Być może sędziowie chronią polityków Platformy ale nie chronią ich już wyborcy. Mówiłem o tym moim kolegom z innych krajów, że polska opozycja, która rzekomo broni praworządności sześciokrotnie przegrała wybory- dwukrotnie samorządowe, dwukrotnie parlamentarne, europejskie i prezydenckie. Teraz, przy mobilizacji elektoratu patriotycznego i niepodległościowego przegra po raz siódmy.
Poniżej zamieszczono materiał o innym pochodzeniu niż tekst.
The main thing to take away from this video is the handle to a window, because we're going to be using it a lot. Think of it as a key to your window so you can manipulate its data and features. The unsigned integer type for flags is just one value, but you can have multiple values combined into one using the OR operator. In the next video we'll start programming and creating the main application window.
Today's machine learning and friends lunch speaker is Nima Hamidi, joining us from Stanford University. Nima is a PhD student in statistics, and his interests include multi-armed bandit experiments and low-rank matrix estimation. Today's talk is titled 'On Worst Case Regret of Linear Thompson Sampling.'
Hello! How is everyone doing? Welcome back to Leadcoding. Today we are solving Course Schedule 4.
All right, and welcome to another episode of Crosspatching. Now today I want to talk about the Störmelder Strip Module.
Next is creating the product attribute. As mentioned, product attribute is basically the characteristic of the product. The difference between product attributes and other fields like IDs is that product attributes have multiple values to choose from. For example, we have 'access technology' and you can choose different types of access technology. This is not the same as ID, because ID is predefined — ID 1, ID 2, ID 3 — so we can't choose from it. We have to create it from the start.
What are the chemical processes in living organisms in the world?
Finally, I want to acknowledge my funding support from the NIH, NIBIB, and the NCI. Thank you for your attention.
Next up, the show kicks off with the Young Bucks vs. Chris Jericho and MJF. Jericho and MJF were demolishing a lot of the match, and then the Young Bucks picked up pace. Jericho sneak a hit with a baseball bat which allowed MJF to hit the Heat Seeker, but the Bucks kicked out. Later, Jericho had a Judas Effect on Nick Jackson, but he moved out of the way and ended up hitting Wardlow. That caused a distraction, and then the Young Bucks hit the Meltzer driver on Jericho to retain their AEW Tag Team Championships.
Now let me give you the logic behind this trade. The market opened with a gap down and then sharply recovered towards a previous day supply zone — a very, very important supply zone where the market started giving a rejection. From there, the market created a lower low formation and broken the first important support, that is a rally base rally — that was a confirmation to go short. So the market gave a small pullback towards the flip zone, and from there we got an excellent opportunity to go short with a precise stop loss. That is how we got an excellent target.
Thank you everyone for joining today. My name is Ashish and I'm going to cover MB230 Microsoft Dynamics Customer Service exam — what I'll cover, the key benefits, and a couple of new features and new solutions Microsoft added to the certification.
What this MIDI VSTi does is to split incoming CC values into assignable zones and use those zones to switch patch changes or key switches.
Może politycy są chronieni przez media dawniej establishmentowe i instytucje wymiaru sprawiedliwości, ale nie są na szczęście chronieni przez wyborców- wyborcy sześciokrotnie pokazali totalnej, podzielonej opozycji czerwoną kartkę. 

Czy pan prezydent Andrzej Duda powinien podpisać ustawę mającą dyscyplinować sędziów, która od kilku dni leży na jego biurku?

Nie używałbym określeń „ustawa dyscyplinująca sędziów” ani „ustawa kagańcowa”- uważam, że nie są to do końca adekwatne określenia. Wolę mówić o tym, że następuje dokończenie wymiany wymiaru niesprawiedliwości na wymiar sprawiedliwości.

Tak, uważam, że pan prezydent powinien tę ustawę podpisać.

Dziękuję za rozmowę.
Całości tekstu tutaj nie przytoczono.